Según el programa de mano, dentro del marco del concierto literario, la segunda hora estaría dedicada a Romeo y Julieta de Prokófiev. Tras ver la primera parte, yo quise estar dentro de esa orquesta, qué sueño espontáneo, ¿cómo podría hacerlo realidad? Pues de la forma más literal: Me subí al escenario y comencé a pasear entre los jovencísimos intérpretes. Esta obra cargada de ritmo es muy asequible por el público general, prácticamente funciona por sí misma, y Pretenko es un director muy enérgico, tan sólo bastaba mirar las arrugas que se creaban y deformaban en su traje con cada aspaviento de batuta. Además, la temática sobre la que resuena esta obra, la homónima de Shakespeare, ¿quién no la conoce? Sigue siendo un éxito asegurado al desenlace de 2023. Tiene sentido que esta obra siguiese a la anterior, puesto que uno de los profesores de Profófiev fue precisamente Rimski-Kórsakov.

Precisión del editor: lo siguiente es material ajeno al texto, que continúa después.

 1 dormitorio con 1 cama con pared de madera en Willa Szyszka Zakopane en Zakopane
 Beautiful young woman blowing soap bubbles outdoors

Debo confesar que mis conocimientos sobre música no llegan hasta discernir quién toca bien y quién finge que toca bien. No pasa nada, porque mi nota de corte la da la expresión de la vivencia con la que se interpreta y en esta orquesta hay muchos músicos que tienen un goce extrovertido durante su ejecución de aquellas partituras. Paseé por la sección de cuerdas y me maravillé con un par de chicas que tocaban mientras se agitaban como si el viento las llevase, taconeando en el suelo incluso. También el primer violonchelista, a la derecha de Pretenko, concentrado como él mismo, agitaba su preciosa melena oscura mientras se volcaba sobre las cuerdas de su instrumento, en una tensión dedicada y absoluta. Caminé al extrarradio del escenario, algo similar ocurría con otro chico rubio, contrabajista en el centro de su fila, que casi evadía la concentración con tanta pasión. Algo similar aprecié entre fagots, clarinetes y otros vientos de metal y madera; siempre destacan los que transmiten su pasión sobre los que ejecutan contenidos, quizás presa de nervios o de la misma concentración que se imponen, pero que, para un ignorante técnico como yo, pueden expresarle menos.

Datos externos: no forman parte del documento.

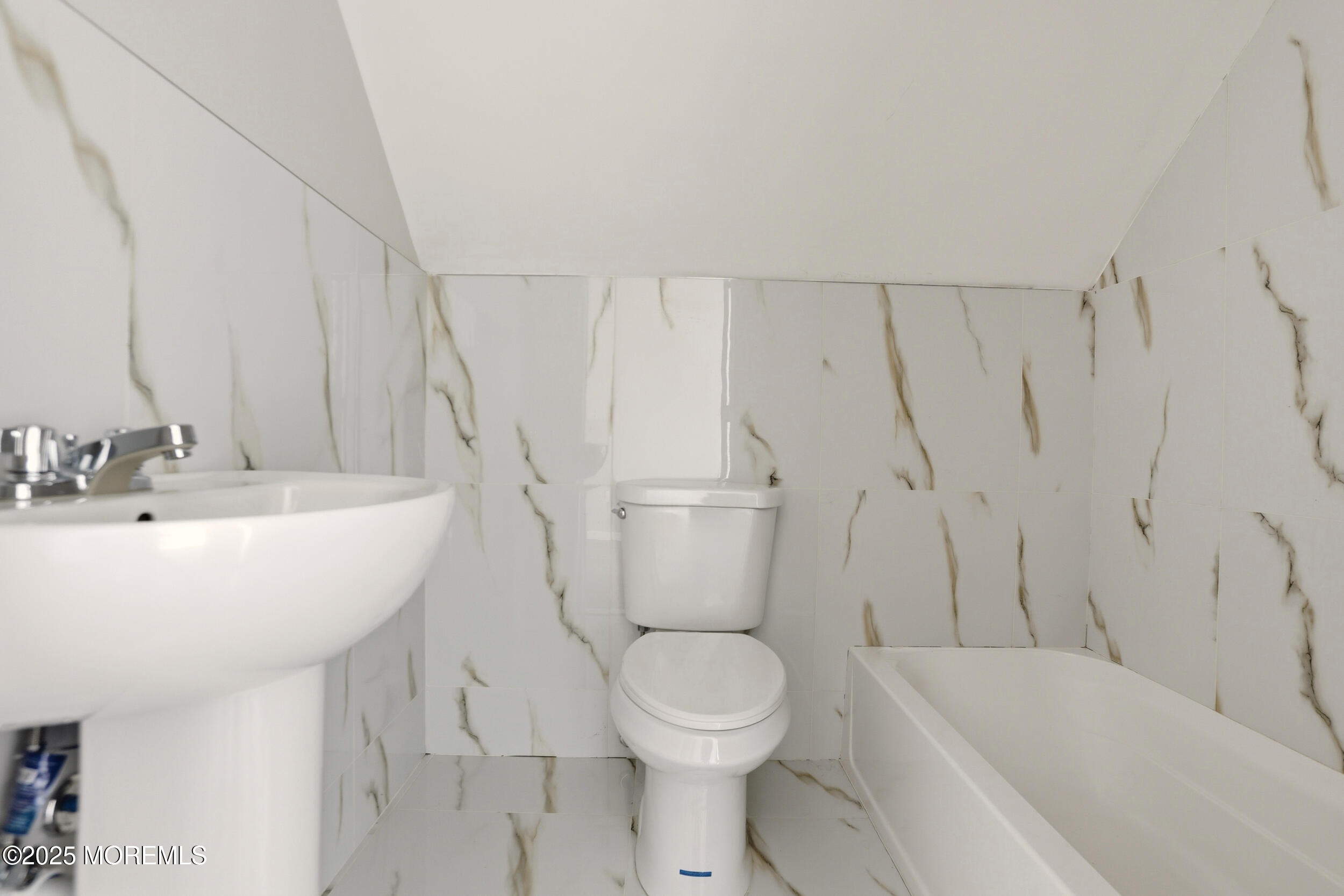 22 Oak Ridge Parkway Toms River, NJ 08755 - Photo 18 of 28 a bathroom with a sink a toilet and a bathtub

No obstante, el punto de conexión entre todos aquellos músicos brillantes era el buen ánimo que irradiaban. A un palmo de ellos, no me pasó desapercibido cada gesto de agradecimiento, por no mencionar las sonrisas cómplices, que se dirigían cuando un compañero pasaba la hoja de las partituras o terminaba un tramo de esa escalada musical. Fue acabar el concierto y, tras los procedentes aplausos, todos se fundieron en abrazos y palabras de satisfacción. Desde mi plano astral también me dejé las manos en aplausos porque esa energía tan sana y fuerte es más necesaria que nunca para empezar un nuevo año cargado de incertidumbres y oportunidades. Oí a una de la sección de viento que, justo esta vez, se acabaría a la vez día, semana, mes y año, todo de una, y que eso tenía que significar algo. Yo no seré quien la contradiga, pero me gustaría dejar escrito que hay que remar hacia la orilla a la que uno quiera llegar. Y ya veremos qué pasa. «¡Feliz entrada al año!», grité desde el escenario a todo el mundo mientras me desvanecía y todos se marchaban a sus casas. «Feliz año nuevo», contestó la voz del técnico de sonido desde algún altavoz próximo.